Bilbao: a city, endless possibilities

Bilbao is an exemplary city that has modernized well. It currently combines the medieval charm of its historic center with recent constructions that give the city a completely distinct feel.

Since the construction of the Guggenheim Museum, Bilbao has undergone a very interesting transformation. The blend of classic and modern-day styles makes Bilbao an attractive city like few others that also has great cultural and tourist offerings.

Guggenheim Museum Bilbao

The Guggenheim Museum is, in all likelihood, the biggest tourist attraction in the city. It is a museum of contemporary art that is internationally recognized for its distinctive architecture designed by Frank O. Gehry.

The museum ensures that its interior does not harbor a completely flat surface. It exhibits works of unquestionable artistic quality owned by the Guggenheim Foundation. Just the act of walking around the museum and observing its structure is a unique and worthwhile experience. The museum is open from Tuesday to Sunday from 10:00 a.m. to 8:00 p.m.

Church of San Antón

This church is also known as San Antonio Abad. It is one of the most popular churches in Bilbao and is emblematic of the city landscape. It is a Gothic style church that dates back from the 14the century when it was built on the ruins of the old Alcázar (fortress) of Bilbao. There are guided tours available.
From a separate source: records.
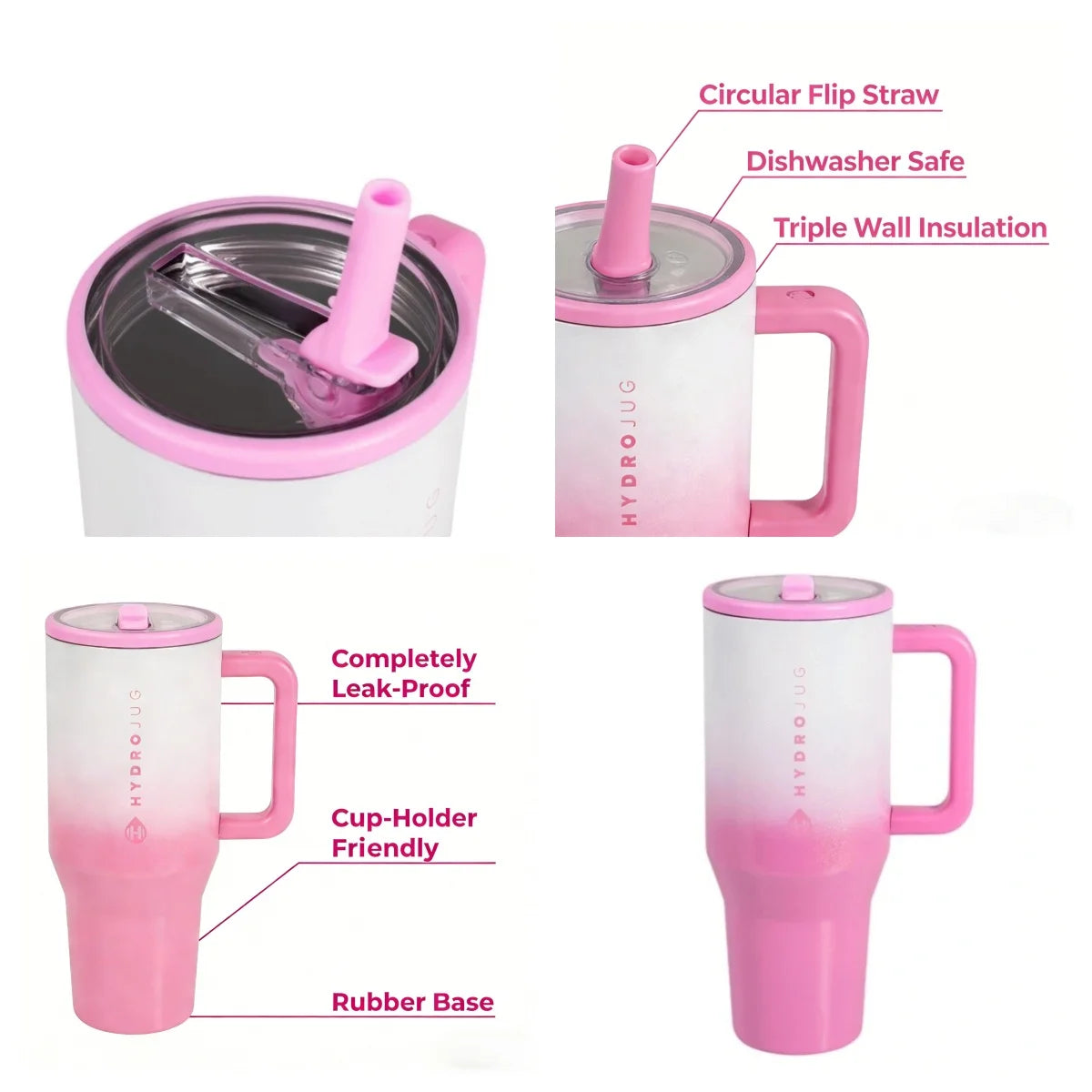 HYD Traveler - 40 oz Water Bottle with Handle & Flip Straw - Fits in Cup Holder, Leak Resistant Tumbler-Reusable Insulated Stainless Steel & Rubber Base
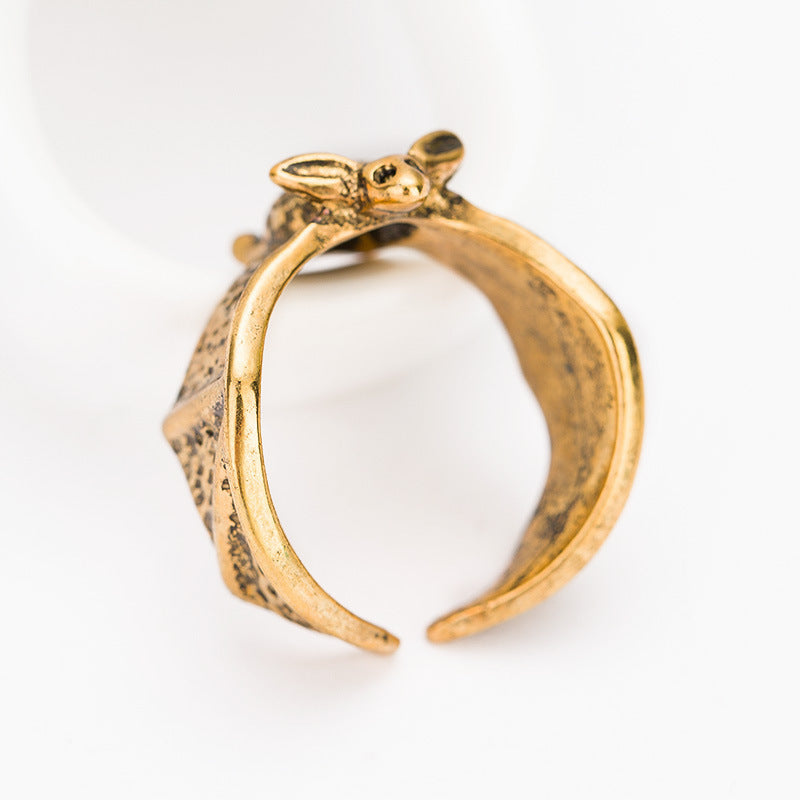 Unisex Bat Ring Electroplated Alloy Animal Jewelry Gift Ancient Gold For Celebration Everyday Style Accessory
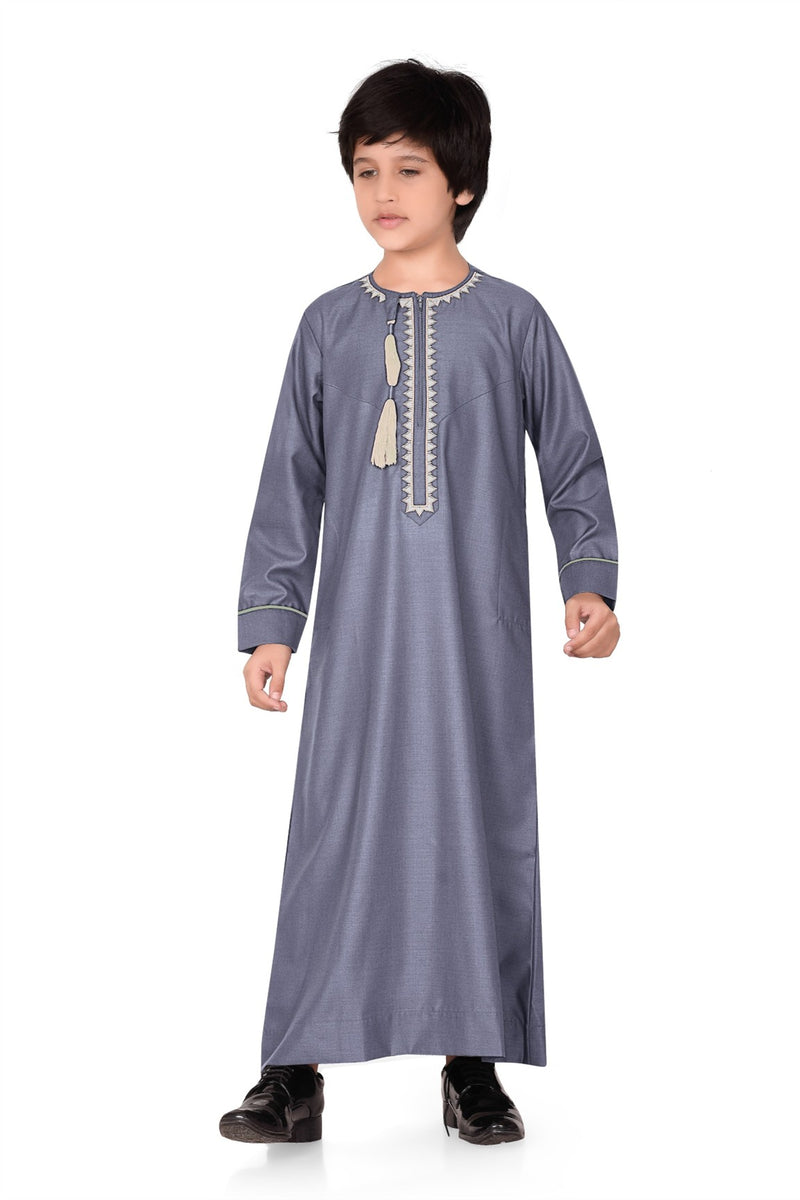 Premium Grey Omani Thobe with intricate embroidery and a detachable tassel By Zamzam
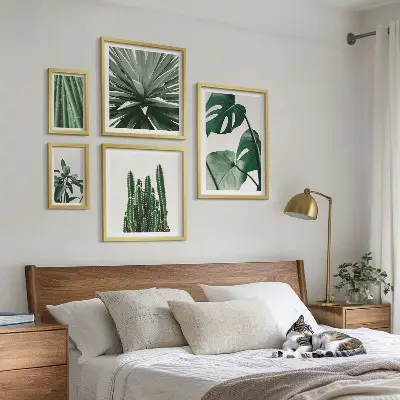 Conjunto de cuadros decorativos de plantas tropicales verdes para interior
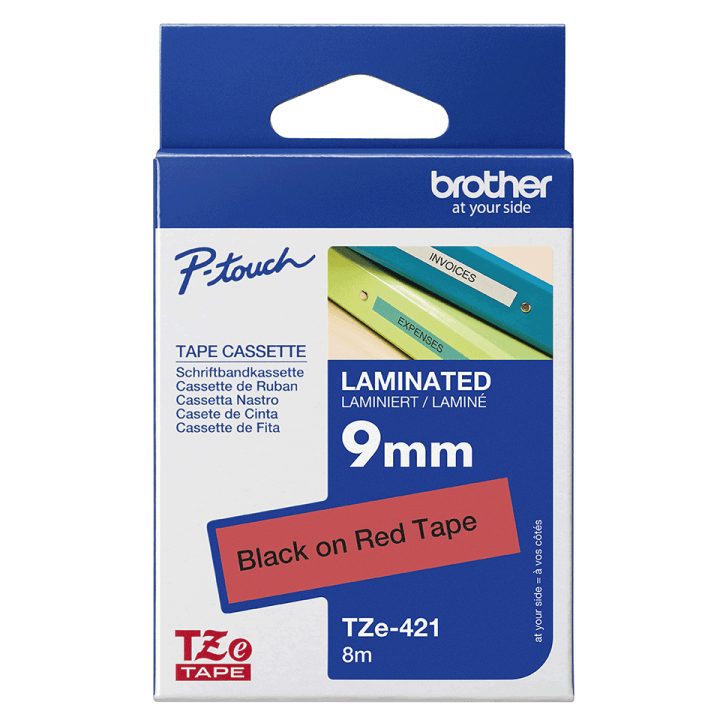 Brother TZE-421 fita para impressora de etiquetas Preto sobre vermelho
The hours from Monday to Saturday are 10:00 a.m. – 12:30 p.m. and 5:30 – 7:30 p.m., while on Sundays and holidays hours are from 10:00 a.m. to 1:30 p.m.

Basilica of Begoña

Devotion to the Virgin of Begoña, also known as “la Amatxo”, is popular in Bilbao. The current structure was built on top of an old hermitage in the Gothic style, work of architect Sancho Martínez de Arego.

Legend states that the Virgin appeared here during the 16th century. The Renaissance style facade is lovely. The Mass schedule is available on its website www.basilicadebegona.com

Casco Viejo (Old Town)

If you visit Bilbao, it is essential that you take a leisurely walk through the old town, also known as Las Siete Calles (The Seven Streets). It was the first neighborhood in the city. Its narrow streets exude charm, have a medieval air, and quite a bit of commercial activity.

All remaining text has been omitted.